И что означают все эти педали и вся эта сестринская скорбь, когда героиня еще и башмаков не износила, а уже украшает елочку, флиртует с Илларионушкой и выходит замуж за баритона в последнем акте, представляющем предел драматургической неловкости.
Если у драматурга Булгакова был какой-нибудь художественный расчет, то самый примитивный. Он исходил, очевидно, из тех соображений, что публике надо после трагедии отдохнуть на чем-нибудь спокойном и приятном. Так вот же вам елочка, примирение и свадьба.
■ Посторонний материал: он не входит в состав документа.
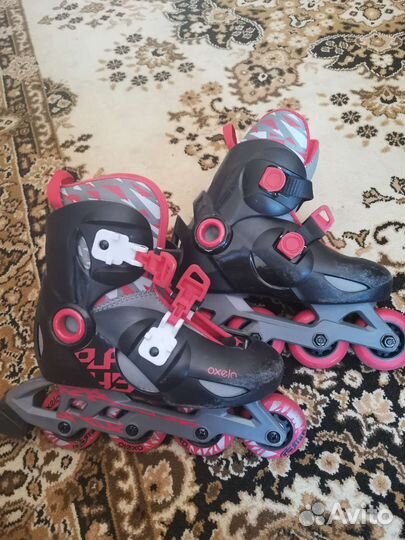 Продам раздвижные ролики oxelo. Размер 30-32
Если бы все это было только художественной ошибкой, то мы сказали бы: ну что же, как и всем нам, Булгакову надо учиться драматургии. Ему удалось написать хорошую сцену во дворце у гетмана, ему удалось создать в следующих двух сценах недурной материал для великолепного искусства труппы, в остальном он сорвался; эка невидаль — следующие пьесы будут лучше. Но нет, недостатки булгаковской пьесы вытекают из глубокого мещанства их автора, отсюда идут и политические ошибки. Он сам является политическим недотепой, по примеру своих героев. Отсюда и эти серые остроты, и эти заезженные положения, и этот сотни тысяч раз использованный тип Илларионушки — «22 несчастья», и эта свадьба, и, наконец, это пересыпание действия дешевым пением — не только потому, что пение такое типично для среды, а потому, что, как чует Булгаков, его приятно послушать будет мещанину, родному брату самого Булгакова.